THE Edinburgh derby seems to have been reinvented as an event held solely to please Hearts.
They're heavily in debt, they're for sale, they can't afford to pay the wages of their players, yet they continue to lord it over their city rivals. All their problems melt away in the derbies and by comfortably winning the first of 2012 they moved up to fourth in the Clydesdale Bank Premier League.
All the goals came in the final 33 minutes although Hearts' superiority was clear long before that. Their fans lapped it up, not sure whether to boast about their own team or taunt Hibernian's suffering support about heading to the first division. The suffering goes on and on for Hibs. That's nine derbies without a win and the new manager, Pat Fenlon, hasn't managed a victory over anyone at all. The only riposte they could give about facing relegation would be that Dunfermline Athletic look poorer than them, which isn't much to crow about.

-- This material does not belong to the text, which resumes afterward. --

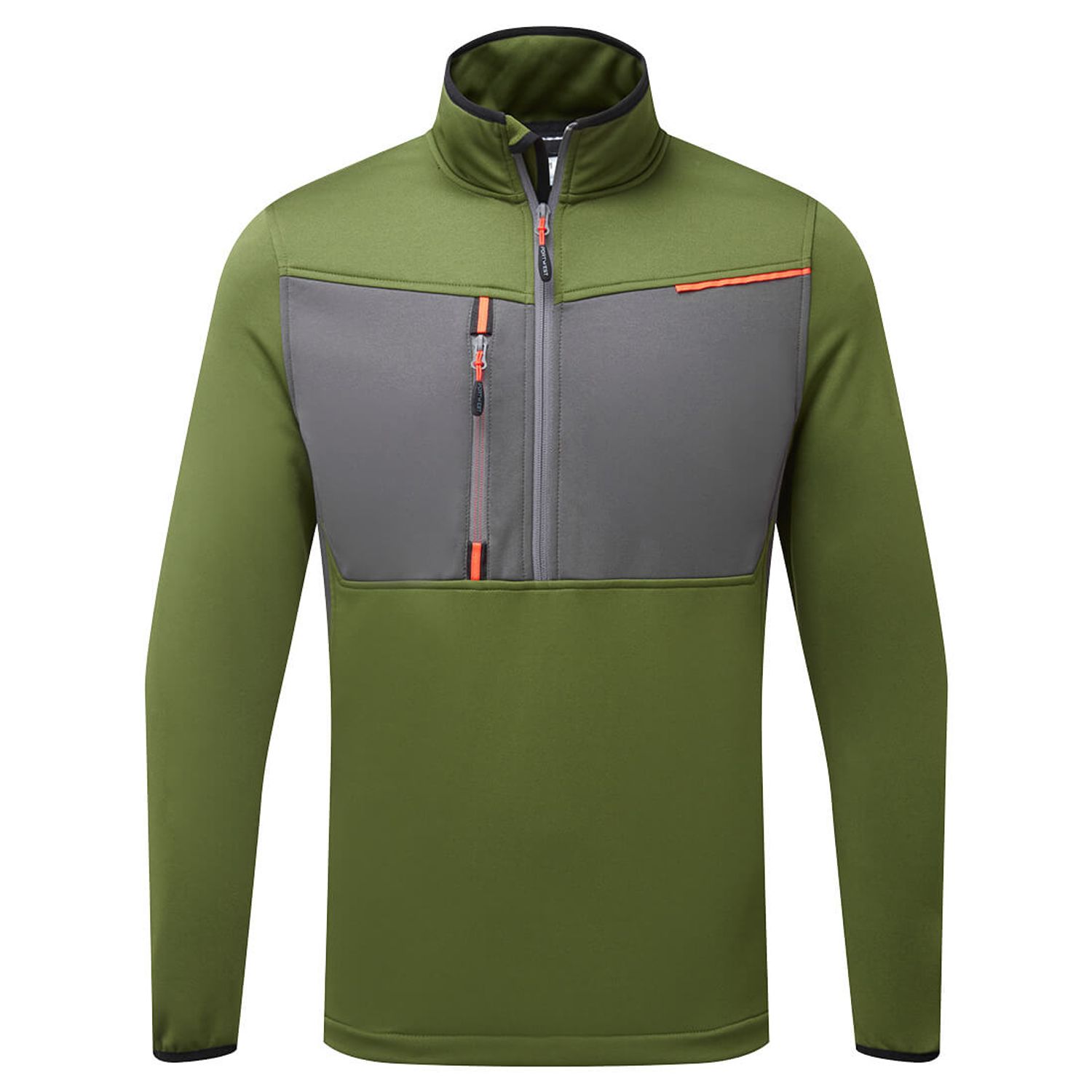 Portwest WX3 Half Zip Tech Fleece Olive Green Size Medium Regular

Ryan McGowan, Andy Webster and Rudi Skacel scored the goals, Ian Black missed a penalty and David Templeton hit a post. Hearts weren't consistently impressive and in the first half their play was almost as erratic and mediocre as Hibs', but they had most of the possession and controlled the majority of the game. The home side equalised through a Marius Zaliukas own goal but otherwise toiled to make any sort of threat. Some of the midfield battles were wild at times giving referee Calum Murray a torrid introduction to his new year. Hibs fans wanted McGowan sent off for headbutting Ivan Sproule in the guts as he rose after a challenge, but that was tame. Guts was all Hibs had to bring to the party and it simply wasn't good enough.
Easter Road has never needed its 20,400 capacity since the new East Stand was opened 17 months ago and this was the latest major fixture taking place in front of a few thousands empty seats. There was as good a turnout of home supporters as could be expected, given the rubbish they've been subjected to most of the season. They did their best to rise to the occasion although predictably there was a bit more buoyancy in the Hearts end, where they amused themselves yesterday by taunting their host about their relegation worries.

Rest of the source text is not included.